* _EXERCISE BRIEF_
Below are the records. Retype exactly the lines between the lines holding "Silver - Tostão, V-L, reverse: legend" and "NWOT Sexy hi-low", inclusive.

* _PROVIDED RECORDS_
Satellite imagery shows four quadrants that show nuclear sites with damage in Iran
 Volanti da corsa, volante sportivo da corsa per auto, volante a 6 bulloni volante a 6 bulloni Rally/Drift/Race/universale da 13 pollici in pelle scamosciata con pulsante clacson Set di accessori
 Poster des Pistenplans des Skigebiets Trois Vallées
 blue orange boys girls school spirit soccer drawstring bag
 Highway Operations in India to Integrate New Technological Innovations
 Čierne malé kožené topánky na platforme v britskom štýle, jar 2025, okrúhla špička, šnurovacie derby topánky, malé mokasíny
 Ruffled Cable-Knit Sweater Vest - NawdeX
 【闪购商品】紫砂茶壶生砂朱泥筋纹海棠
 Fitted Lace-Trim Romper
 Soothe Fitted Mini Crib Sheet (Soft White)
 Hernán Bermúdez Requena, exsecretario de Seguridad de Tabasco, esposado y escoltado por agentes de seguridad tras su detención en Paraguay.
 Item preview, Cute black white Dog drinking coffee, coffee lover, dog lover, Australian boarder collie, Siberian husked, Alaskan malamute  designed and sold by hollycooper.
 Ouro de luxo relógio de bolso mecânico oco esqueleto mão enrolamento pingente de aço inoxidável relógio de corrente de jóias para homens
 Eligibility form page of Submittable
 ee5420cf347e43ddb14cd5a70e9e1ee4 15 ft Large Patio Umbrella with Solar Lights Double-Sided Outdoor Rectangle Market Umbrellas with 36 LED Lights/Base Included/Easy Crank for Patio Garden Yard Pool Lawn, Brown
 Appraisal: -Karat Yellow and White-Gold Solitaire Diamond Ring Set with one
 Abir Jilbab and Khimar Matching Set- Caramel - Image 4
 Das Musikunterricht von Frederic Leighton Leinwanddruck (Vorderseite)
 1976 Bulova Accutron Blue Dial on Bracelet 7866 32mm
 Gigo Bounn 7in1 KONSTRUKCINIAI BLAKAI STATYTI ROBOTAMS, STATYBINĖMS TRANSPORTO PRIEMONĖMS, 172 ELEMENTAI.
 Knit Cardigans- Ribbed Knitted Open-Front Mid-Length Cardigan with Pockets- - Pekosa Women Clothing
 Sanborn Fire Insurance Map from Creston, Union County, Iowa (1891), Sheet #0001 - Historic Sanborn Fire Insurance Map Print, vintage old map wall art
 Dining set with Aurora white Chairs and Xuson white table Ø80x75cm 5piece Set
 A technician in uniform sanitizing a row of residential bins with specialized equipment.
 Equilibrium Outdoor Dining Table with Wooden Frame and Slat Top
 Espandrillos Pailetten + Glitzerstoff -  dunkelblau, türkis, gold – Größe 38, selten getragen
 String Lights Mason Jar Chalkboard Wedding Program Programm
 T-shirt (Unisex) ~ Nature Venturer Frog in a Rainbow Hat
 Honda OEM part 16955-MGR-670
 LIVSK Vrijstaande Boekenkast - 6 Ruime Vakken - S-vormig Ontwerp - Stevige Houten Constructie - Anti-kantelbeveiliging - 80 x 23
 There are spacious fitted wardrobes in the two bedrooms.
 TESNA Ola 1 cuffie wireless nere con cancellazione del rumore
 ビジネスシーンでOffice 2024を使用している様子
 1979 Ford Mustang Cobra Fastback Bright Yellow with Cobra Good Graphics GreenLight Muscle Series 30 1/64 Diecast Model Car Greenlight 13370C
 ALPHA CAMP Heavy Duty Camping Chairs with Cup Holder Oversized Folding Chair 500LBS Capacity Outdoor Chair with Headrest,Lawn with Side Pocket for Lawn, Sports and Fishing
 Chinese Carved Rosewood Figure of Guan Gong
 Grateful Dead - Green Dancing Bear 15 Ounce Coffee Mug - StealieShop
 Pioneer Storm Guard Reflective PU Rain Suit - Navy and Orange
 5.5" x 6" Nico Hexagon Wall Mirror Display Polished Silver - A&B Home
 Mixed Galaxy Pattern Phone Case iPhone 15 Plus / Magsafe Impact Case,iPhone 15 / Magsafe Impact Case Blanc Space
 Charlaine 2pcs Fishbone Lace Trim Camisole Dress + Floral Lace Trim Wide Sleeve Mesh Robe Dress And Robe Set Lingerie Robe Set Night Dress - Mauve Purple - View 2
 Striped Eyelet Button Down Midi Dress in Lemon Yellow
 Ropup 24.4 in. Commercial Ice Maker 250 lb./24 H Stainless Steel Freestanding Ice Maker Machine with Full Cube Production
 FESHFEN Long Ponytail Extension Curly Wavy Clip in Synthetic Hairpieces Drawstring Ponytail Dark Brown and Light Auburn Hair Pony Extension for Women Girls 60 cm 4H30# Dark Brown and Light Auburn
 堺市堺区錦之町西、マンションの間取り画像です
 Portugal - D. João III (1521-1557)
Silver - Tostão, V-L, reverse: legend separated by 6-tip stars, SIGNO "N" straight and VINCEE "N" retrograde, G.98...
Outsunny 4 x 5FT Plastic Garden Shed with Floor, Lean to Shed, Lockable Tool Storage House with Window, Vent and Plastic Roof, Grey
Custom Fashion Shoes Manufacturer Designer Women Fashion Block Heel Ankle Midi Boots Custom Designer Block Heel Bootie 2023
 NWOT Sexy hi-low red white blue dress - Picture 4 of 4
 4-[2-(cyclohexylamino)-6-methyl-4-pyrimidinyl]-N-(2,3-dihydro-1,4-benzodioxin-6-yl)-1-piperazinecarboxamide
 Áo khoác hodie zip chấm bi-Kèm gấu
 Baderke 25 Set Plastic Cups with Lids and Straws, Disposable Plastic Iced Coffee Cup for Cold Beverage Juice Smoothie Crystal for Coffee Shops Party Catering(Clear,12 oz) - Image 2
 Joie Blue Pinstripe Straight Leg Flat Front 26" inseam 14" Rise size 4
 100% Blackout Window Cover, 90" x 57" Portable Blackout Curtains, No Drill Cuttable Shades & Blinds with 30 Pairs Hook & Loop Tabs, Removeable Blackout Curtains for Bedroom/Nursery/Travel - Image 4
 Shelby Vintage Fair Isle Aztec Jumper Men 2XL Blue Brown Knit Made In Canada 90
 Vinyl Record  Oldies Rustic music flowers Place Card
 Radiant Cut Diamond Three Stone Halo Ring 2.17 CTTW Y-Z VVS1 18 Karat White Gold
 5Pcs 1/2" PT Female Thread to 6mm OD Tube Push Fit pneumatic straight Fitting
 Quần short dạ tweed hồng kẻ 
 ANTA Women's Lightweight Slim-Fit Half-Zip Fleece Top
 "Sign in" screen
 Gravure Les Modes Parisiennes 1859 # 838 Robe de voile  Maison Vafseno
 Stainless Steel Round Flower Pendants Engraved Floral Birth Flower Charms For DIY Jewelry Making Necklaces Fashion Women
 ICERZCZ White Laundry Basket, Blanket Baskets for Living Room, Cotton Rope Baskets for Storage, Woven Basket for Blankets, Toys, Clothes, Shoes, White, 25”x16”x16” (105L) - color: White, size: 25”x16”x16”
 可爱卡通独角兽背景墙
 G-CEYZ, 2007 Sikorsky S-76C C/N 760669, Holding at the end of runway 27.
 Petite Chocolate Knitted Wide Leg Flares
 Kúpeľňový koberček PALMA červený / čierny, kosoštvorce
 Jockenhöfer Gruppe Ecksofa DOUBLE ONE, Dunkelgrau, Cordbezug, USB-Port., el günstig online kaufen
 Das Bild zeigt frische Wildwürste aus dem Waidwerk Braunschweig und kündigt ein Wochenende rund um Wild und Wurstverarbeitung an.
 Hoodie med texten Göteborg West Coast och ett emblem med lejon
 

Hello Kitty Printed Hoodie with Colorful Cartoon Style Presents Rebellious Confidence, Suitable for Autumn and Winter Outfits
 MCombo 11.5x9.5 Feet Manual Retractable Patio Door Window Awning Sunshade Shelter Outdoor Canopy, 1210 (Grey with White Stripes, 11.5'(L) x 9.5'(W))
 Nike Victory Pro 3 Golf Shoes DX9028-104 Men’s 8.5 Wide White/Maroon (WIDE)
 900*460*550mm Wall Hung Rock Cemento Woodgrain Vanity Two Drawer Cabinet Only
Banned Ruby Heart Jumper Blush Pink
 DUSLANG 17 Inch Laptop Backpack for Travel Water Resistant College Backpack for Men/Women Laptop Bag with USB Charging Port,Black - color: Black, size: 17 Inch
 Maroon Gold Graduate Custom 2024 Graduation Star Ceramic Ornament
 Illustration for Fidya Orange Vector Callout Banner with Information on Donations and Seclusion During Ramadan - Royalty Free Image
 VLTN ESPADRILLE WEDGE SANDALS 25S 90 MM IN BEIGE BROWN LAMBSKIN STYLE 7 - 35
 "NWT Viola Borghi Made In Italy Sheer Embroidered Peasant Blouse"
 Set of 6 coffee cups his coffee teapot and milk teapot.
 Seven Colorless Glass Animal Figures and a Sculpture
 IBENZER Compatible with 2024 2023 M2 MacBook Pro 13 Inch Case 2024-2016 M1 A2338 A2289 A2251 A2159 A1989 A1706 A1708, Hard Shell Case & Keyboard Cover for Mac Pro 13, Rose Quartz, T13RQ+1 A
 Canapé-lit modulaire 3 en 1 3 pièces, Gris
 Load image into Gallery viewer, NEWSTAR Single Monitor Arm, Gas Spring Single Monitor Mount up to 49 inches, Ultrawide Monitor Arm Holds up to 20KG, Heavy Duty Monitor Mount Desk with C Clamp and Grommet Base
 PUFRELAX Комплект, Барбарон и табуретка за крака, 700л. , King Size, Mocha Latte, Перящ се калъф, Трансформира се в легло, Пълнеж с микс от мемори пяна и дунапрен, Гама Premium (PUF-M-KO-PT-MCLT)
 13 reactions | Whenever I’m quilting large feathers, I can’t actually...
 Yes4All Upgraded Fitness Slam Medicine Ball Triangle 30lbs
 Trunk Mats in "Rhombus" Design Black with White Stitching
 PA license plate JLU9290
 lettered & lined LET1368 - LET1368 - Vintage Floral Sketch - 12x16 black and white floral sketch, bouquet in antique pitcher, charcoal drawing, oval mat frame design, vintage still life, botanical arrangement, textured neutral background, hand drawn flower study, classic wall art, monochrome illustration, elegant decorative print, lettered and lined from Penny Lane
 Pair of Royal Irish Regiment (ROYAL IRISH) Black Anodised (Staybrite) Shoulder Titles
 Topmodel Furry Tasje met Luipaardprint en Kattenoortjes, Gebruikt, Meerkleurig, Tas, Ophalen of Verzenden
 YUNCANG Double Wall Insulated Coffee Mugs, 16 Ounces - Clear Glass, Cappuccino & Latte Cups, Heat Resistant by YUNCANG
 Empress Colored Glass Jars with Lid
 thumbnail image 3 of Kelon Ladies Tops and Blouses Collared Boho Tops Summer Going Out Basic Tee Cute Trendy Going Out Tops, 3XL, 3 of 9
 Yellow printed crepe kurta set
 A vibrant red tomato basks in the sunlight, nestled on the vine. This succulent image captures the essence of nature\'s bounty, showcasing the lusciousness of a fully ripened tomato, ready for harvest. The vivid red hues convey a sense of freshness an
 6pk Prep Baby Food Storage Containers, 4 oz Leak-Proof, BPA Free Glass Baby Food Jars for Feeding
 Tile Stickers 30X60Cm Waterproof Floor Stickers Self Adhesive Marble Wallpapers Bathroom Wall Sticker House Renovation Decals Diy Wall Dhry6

* _ANSWER SECTION_
Silver - Tostão, V-L, reverse: legend separated by 6-tip stars, SIGNO "N" straight and VINCEE "N" retrograde, G.98...
Outsunny 4 x 5FT Plastic Garden Shed with Floor, Lean to Shed, Lockable Tool Storage House with Window, Vent and Plastic Roof, Grey
Custom Fashion Shoes Manufacturer Designer Women Fashion Block Heel Ankle Midi Boots Custom Designer Block Heel Bootie 2023
 NWOT Sexy hi-low red white blue dress - Picture 4 of 4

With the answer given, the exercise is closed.